What is Freedom?: Reflections on Passover and Disability– Reposted and Recast from 2008
A good resource for learning about Pesach (Passover).
Here is a helpful reflection on Pesach titled: Passover: Why Redemptive Things Happen to Good People.
One of the questions from the article that I find interesting is:
Is freedom escape from pain or is it embracing our challenges and using them as a catapult for inner growth?
I would be interested to know how other people with disabilities experience the G-d of Pesach and what freedom looks like in the live of people with disabilities.
Reading this reflection and looking at the questions it poses Makes me want to share a reflection of my own:
I must first say that I am not Jewish, but as a person who identifies as a Christian with a disability I find resonance and hope in the story of the Passover. Because the Jewish community is about to begin the observance of Pesach I wanted to comment about the significance the holiday holds for me.

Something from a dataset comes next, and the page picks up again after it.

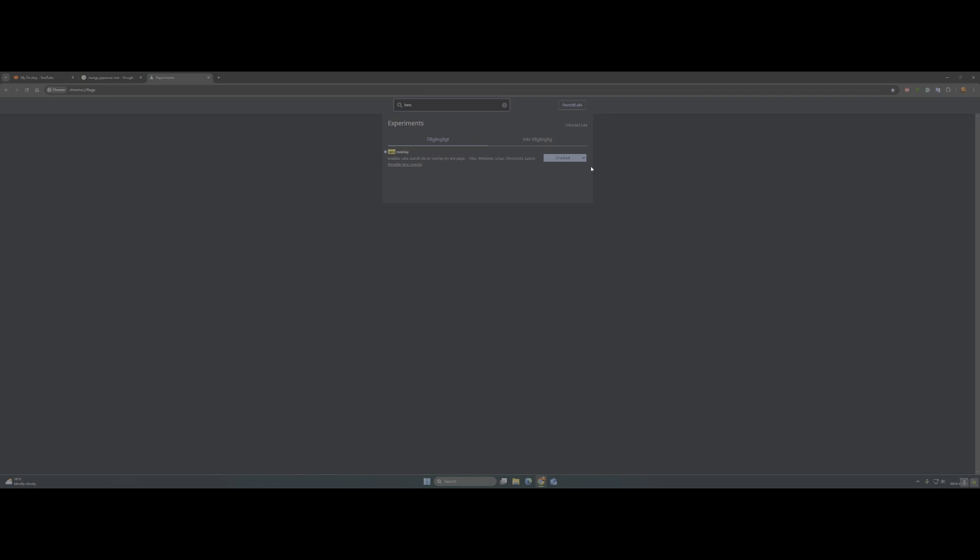What you need to do is just disable it and the Google Chrome will ask you to restart. I have my language setting to Swedish but it can be in English or whatever language you have on your Google, right?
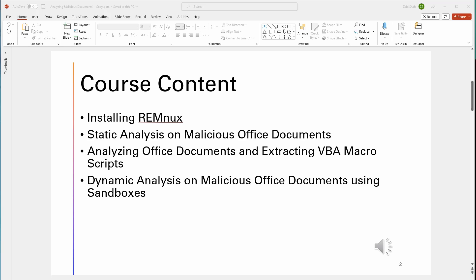We have the course content. We're going to be installing REMnux, then we're going to be doing static analysis on malicious documents, then we're going to analyze those malicious documents and extract the malicious scripts or code that is in it.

The story of passover has always had a resonance with me as a person who lives with a disability. The are ways people with disabilities are made disabled by the barriers communities erect. Some of these barriers include buildings without ramps and systems that do not prepare for the presence and participation of people with disabilities.
Some of the barriers to freedom also include the ways I erect barriers for myself that keep me from realizing the fullness of who G-d has called me to be.
In the light of this, I need to read and hear stories about a G-d who partners with people to overcome the ways we enslave ourselves and others. The G-d of the Passover is a G-d who hears and responds to the cries of G-d’s people.
The G-d of the passover is with us as we work to build communities where everyone, persons with and without disabilities, have opportunities to be who they are without the barriers of shame, inaccessibility, ignorance, fear, and isolation.
At Passover and everyday may we partner with G-d to be agents of liberation, hope, and possibility in communities where hopelessness too often rules the lives of too many.
What are the stories in your life that speak of the the journey you are making toward freedom?
Another helpful question may be to ask are there ways in which my actions and/or inactions are keeping others from freedom/liberation?